> HOW TO COMPLETE THIS TASK
The line containing "中川翔子(37)、巨乳ビキニ" and every line after it, through the end of the records below, are to be reproduced exactly, with the pictures left out.

>>>

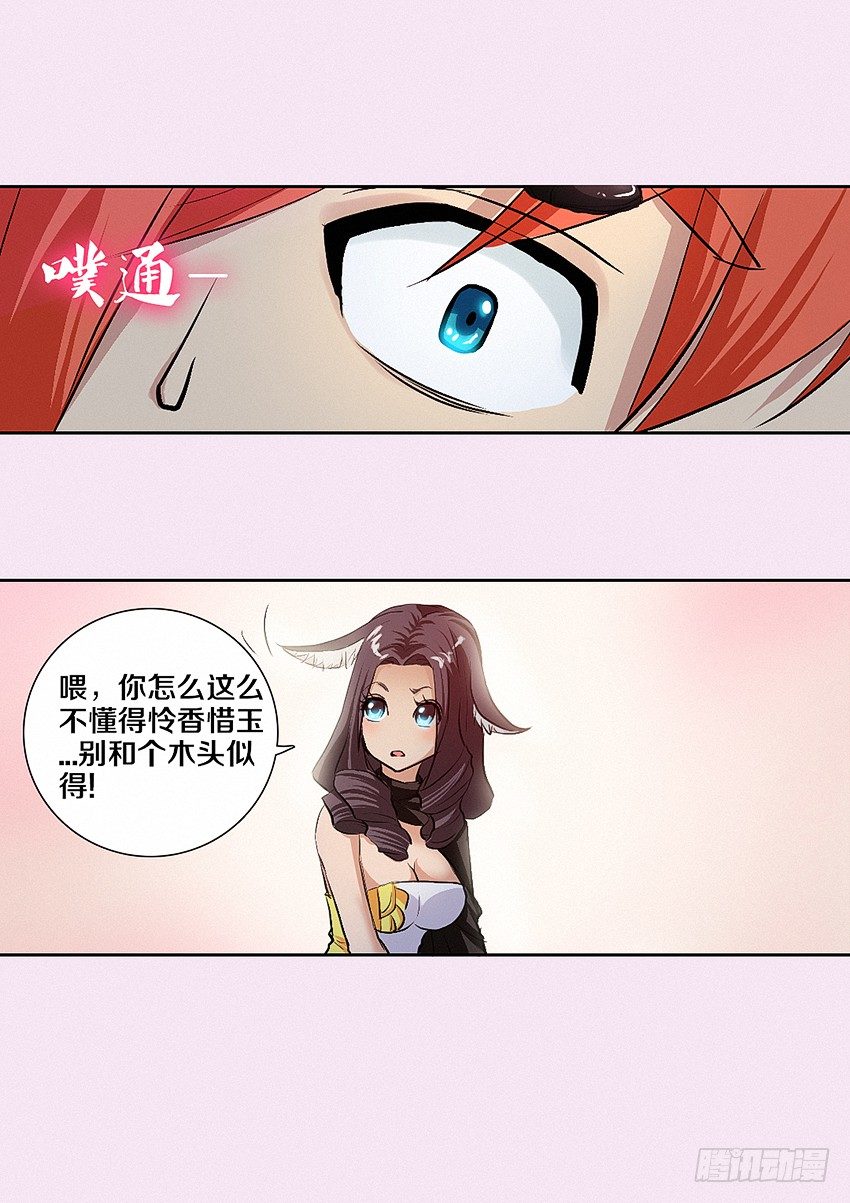 第6集 纯情小女仆14
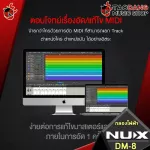 กลองไฟฟ้า Nux DM8 + Full Option พร้อมเล่น - Electric Drum NUX DM-8 [ประกันจากศูนย์] [แท้100%] [ผ่อน0%] [ส่งฟรี] เต่าแดง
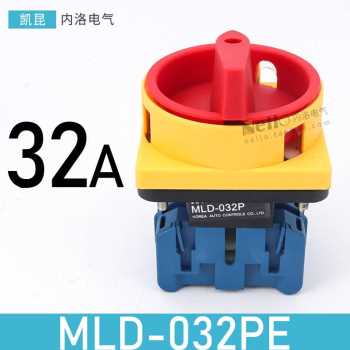 极速厂促厂促凯昆负载断t路开关电源切换转换三相负荷主控旋转断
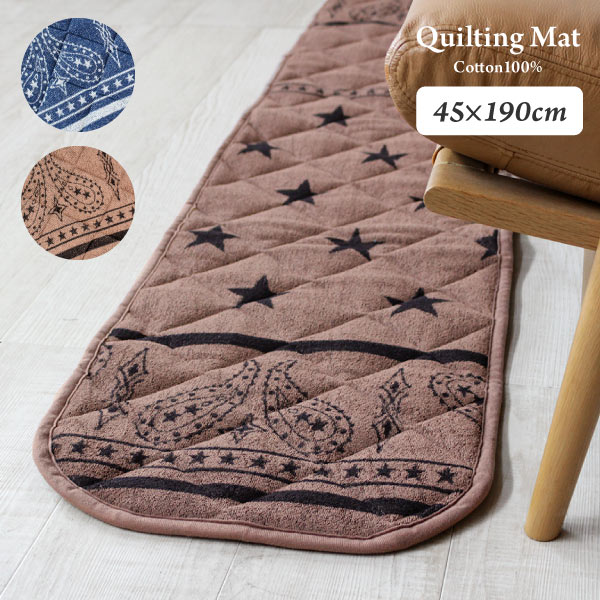 楽天市場 洗える マット ロングマット パイルキルト キッチン マット 45 190cm コットン 綿 タオル地 おしゃれ バンダナ柄 スター Fofoca
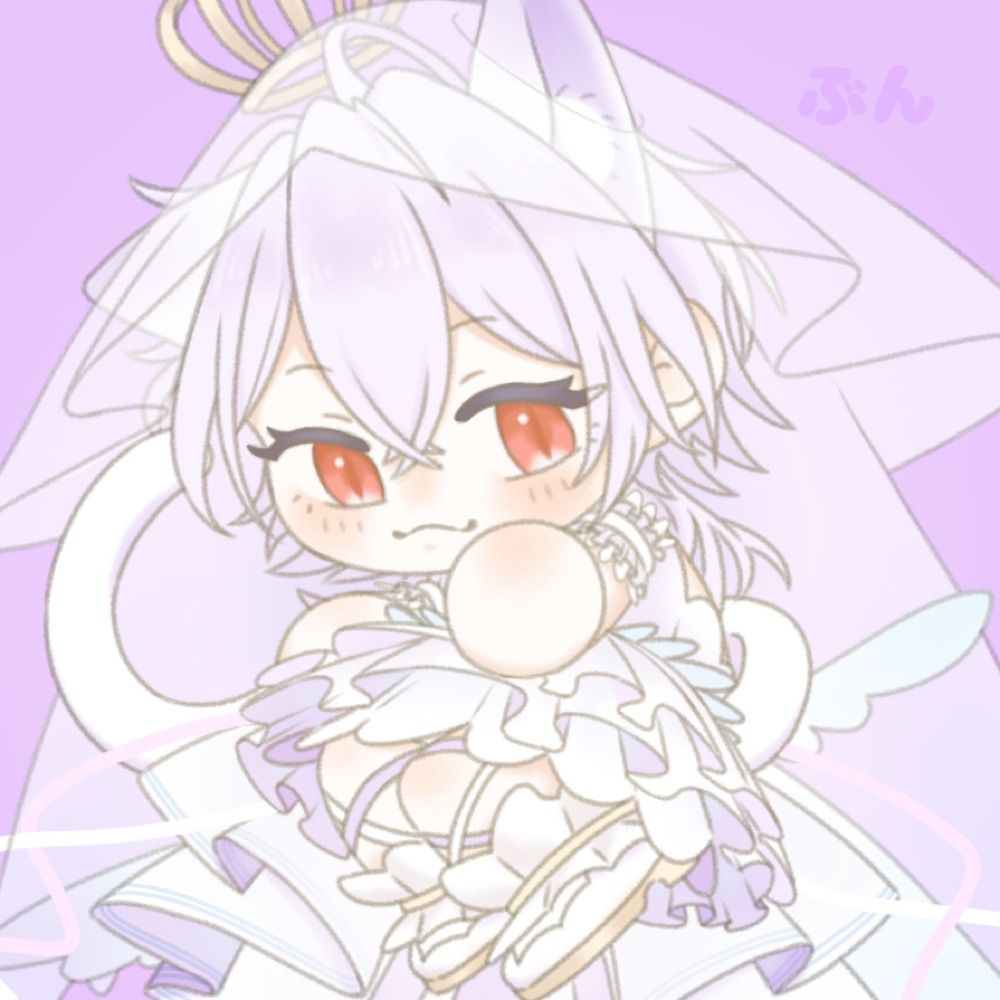 ぶん
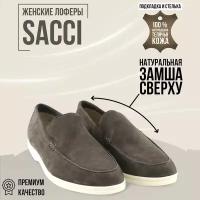 Женские лоферы SACCI Summer Walk Loafers FAI1392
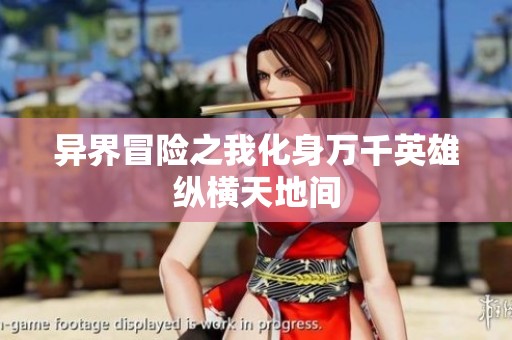 异界冒险之我化身万千英雄纵横天地间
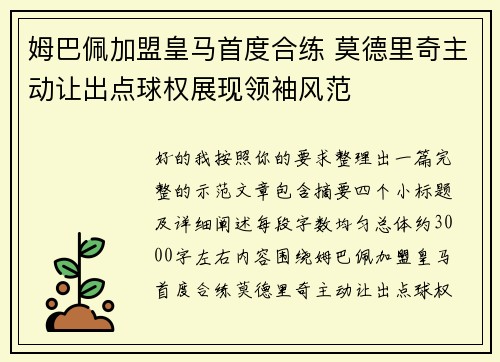 姆巴佩加盟皇马首度合练 莫德里奇主动让出点球权展现领袖风范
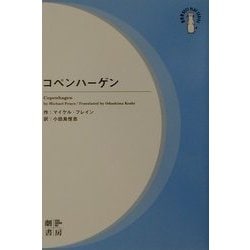 コペンハーゲン(劇書房BEST PLAY SERIES) [全集叢書]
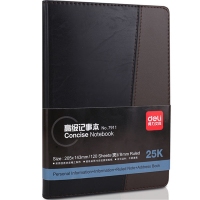 得力7911，25k 120页皮面记事本（1/80）笔记本线装硬面抄商务办公用品本册 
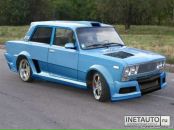 Сірожа Приймак фотография #50 (источник - https://vk.com/id164236294)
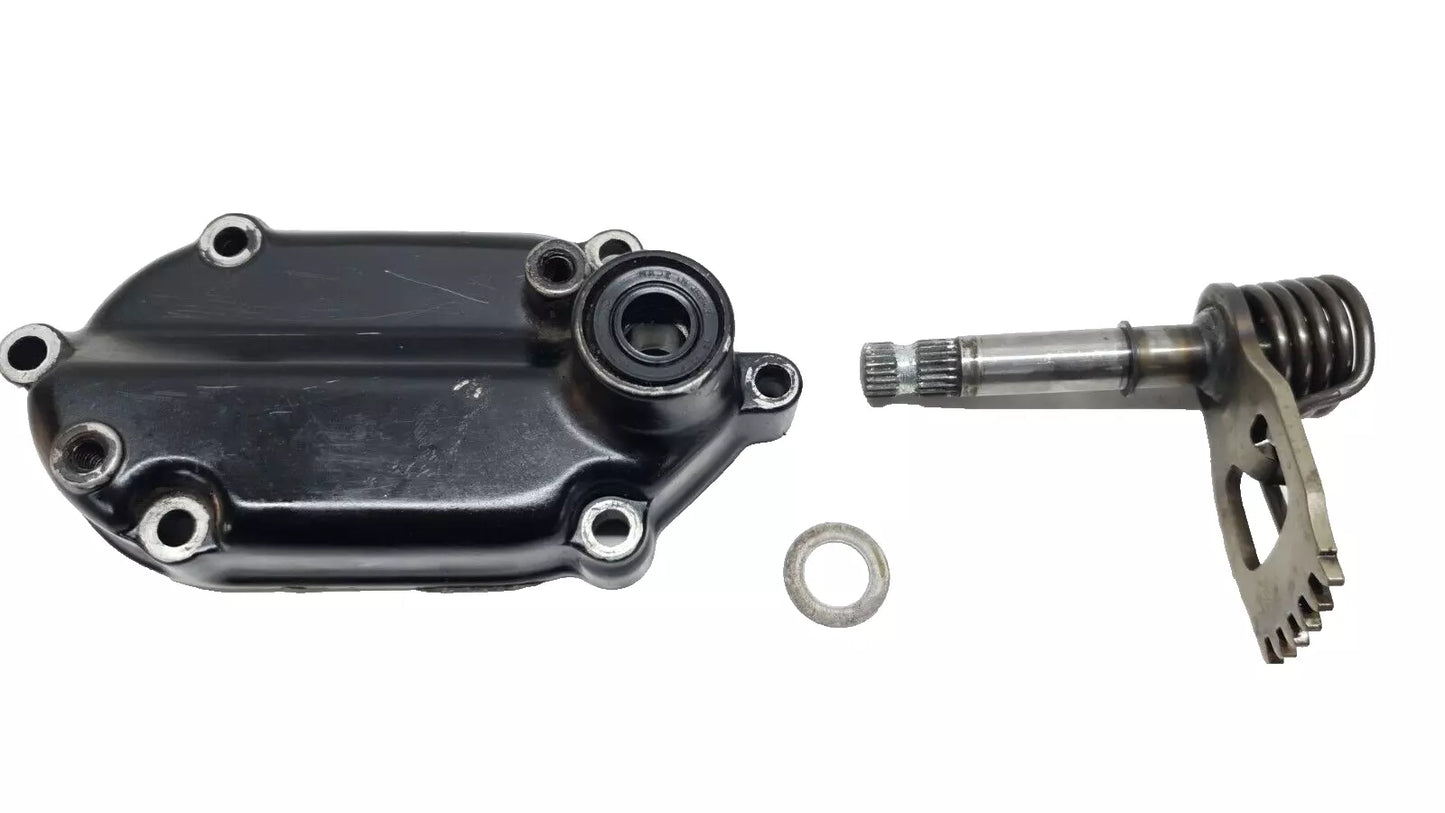 Axe de sélecteur Suzuki 600 DR 1989 Réf : 25510-14A02-000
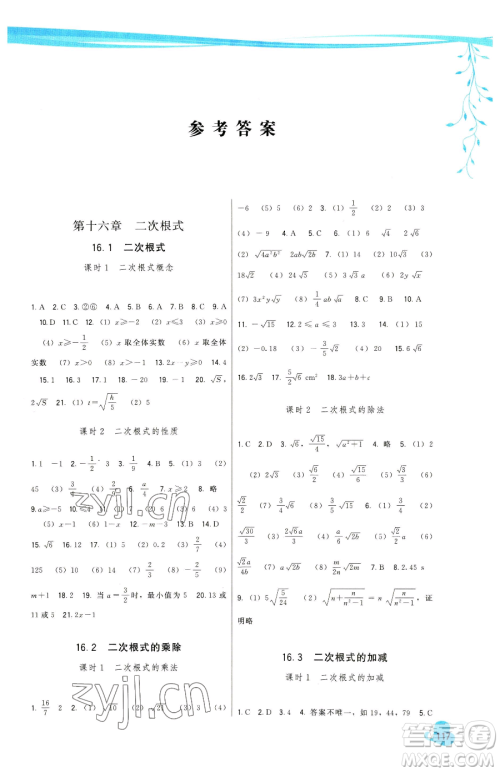 福建人民出版社2023顶尖课课练八年级下册数学人教版参考答案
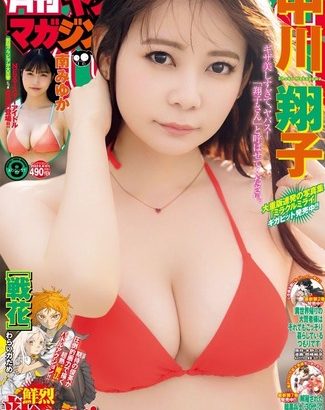 中川翔子(37)、巨乳ビキニ姿でファンを悩殺ww最新写真集「ミラクルミライ」のアザーカットグラビア画像が反響！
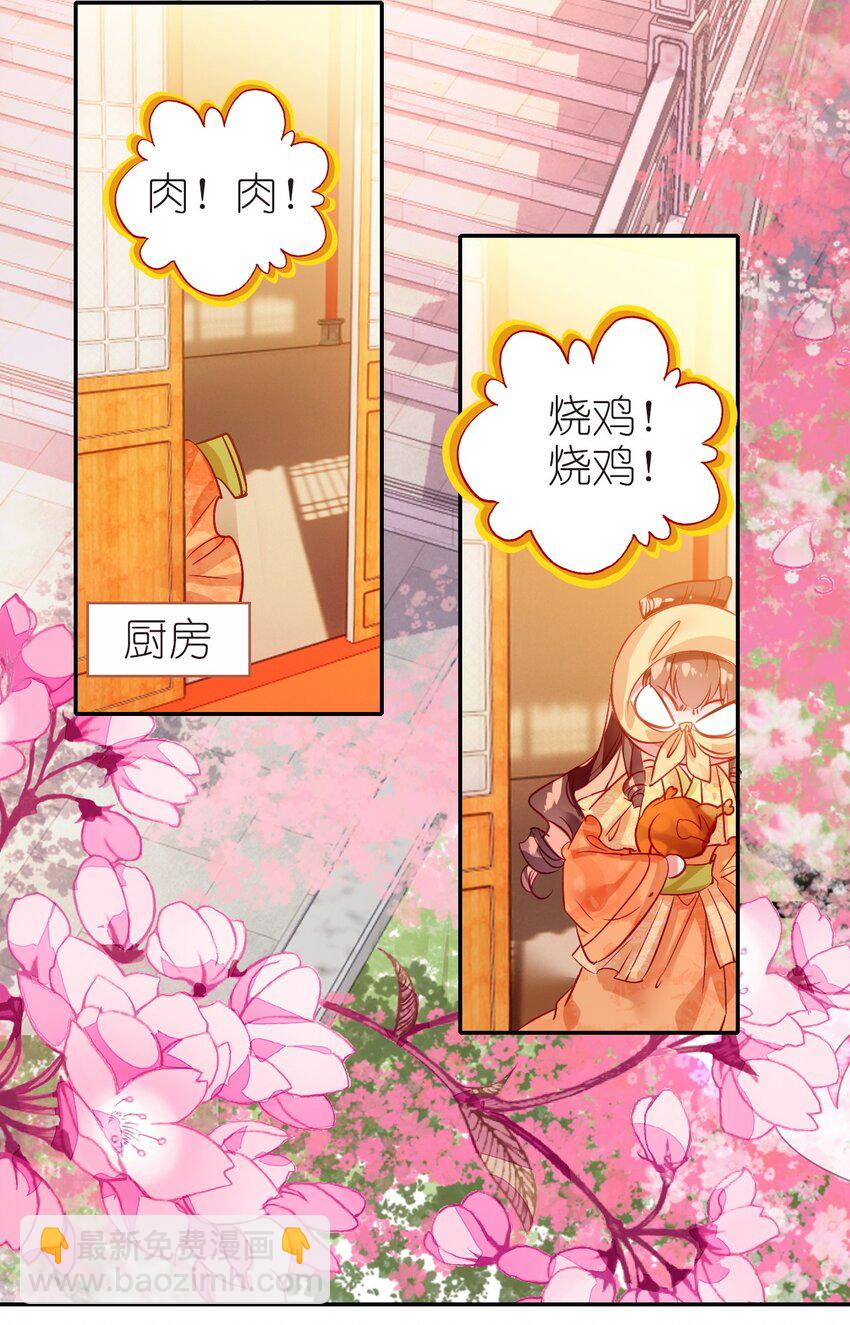 009 陈慧娘遇刺(1/2)-第10话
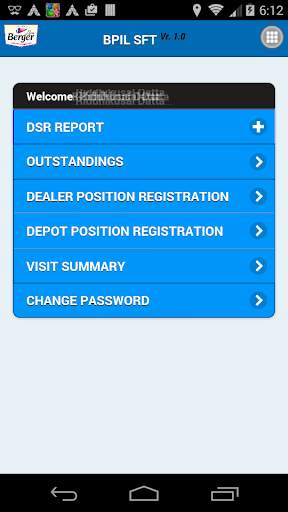 BPIL APP screenshot 3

<<<

> RESULT OF THIS EXERCISE
 中川翔子(37)、巨乳ビキニ姿でファンを悩殺ww最新写真集「ミラクルミライ」のアザーカットグラビア画像が反響！
 009 陈慧娘遇刺(1/2)-第10话
 BPIL APP screenshot 3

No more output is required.